Wir bauen Unterkünfte und Latrinen für besonders gefährdete Familien. Aufgrund von Finanzierungsschwierigkeiten kann CARE zu diesem Zeitpunkt nur 55 Familien mit einer Unterkunft ausstatten, die Nöte der Menschen sind jedoch gewaltig. CARE unterstützt Notleidende in vier Siedlungen mit sanitären Einrichtungen wie Notfalllatrinen oder einem funktionierenden Abfallmanagement, Hygienemaßnahmen und der Vorbeugung von geschlechterspezifischer Gewalt. Mit Gesundheitskampagnen, der Mobilisierung der Gemeinden oder Gesundheitsclubs für Kinder wird die hygienische Situation in den betroffenen Flüchtlingsdörfern nachhaltig verbessert. Insgesamt profitieren ungefähr 6000 Frauen, Männer, Mädchen und Jungen von dem Projekt.

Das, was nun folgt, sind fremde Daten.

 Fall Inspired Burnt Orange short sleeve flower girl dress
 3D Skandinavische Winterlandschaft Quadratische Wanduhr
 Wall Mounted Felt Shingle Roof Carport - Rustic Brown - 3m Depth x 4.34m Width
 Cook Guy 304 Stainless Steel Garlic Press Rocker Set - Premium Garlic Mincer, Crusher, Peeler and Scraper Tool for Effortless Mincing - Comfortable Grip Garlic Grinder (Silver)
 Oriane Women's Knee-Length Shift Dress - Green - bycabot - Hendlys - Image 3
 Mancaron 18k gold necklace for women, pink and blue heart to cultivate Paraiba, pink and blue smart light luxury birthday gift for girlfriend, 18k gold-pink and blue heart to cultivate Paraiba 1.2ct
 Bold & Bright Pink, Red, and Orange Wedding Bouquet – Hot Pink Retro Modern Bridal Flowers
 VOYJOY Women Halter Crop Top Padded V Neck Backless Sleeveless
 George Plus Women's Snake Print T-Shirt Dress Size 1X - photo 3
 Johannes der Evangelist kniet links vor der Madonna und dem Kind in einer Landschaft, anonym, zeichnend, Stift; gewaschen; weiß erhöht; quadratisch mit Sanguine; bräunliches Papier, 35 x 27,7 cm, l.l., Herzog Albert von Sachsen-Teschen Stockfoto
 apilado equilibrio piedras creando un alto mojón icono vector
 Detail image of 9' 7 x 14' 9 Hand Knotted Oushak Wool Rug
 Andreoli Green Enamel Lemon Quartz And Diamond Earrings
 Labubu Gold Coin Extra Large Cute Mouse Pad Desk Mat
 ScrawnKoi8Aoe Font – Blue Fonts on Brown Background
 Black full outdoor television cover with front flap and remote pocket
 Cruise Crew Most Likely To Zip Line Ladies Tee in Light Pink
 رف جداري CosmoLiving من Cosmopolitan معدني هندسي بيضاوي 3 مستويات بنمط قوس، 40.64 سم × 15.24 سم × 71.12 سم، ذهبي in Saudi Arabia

Wir haben außerdem eine Erhebung zu sexueller Gewalt in den Siedlungen durchgeführt. Auf Grundlage dessen werden wir vor Ort geschlechtersensible Aktivitäten durchführen, die eine sicherere Umgebung für Frauen und Kinder schaffen.

Welche Herausforderungen gibt es?

Für die Gemeinden vor Ort beginnt jetzt traditionell die Zeit, in der Unterholz und Gräser für landwirtschaftliche Zwecke niedergebrannt werden. Wir müssen Holz und Gräser beschaffen, damit das potentielle Baumaterial für Unterkünfte und Latrinen nicht in Rauch aufgeht. Neben einer schwierigen logistischen Situation ist die Finanzierung unser größtes Problem. Es handelt sich um eine massiv unterfinanzierte Katastrophe, die im Schatten der Notlage der Menschen innerhalb des Südsudans steht. Alle Hilfsorganisationen vor Ort haben mit finanziellen Engpässen zu kämpfen. Momentan fehlt uns beispielsweise das Geld, um Wasser-Handpumpen wieder instand zu setzen. Und das ist ein großes Problem, weil die Pumpen im Hinblick auf die allgemeine Knappheit von Trinkwasser von enormer Bedeutung sind. Hinzu kommt, dass die Ankunft neuer Flüchtlinge mehr als wahrscheinlich ist und einen noch größeren Engpass bedeutet.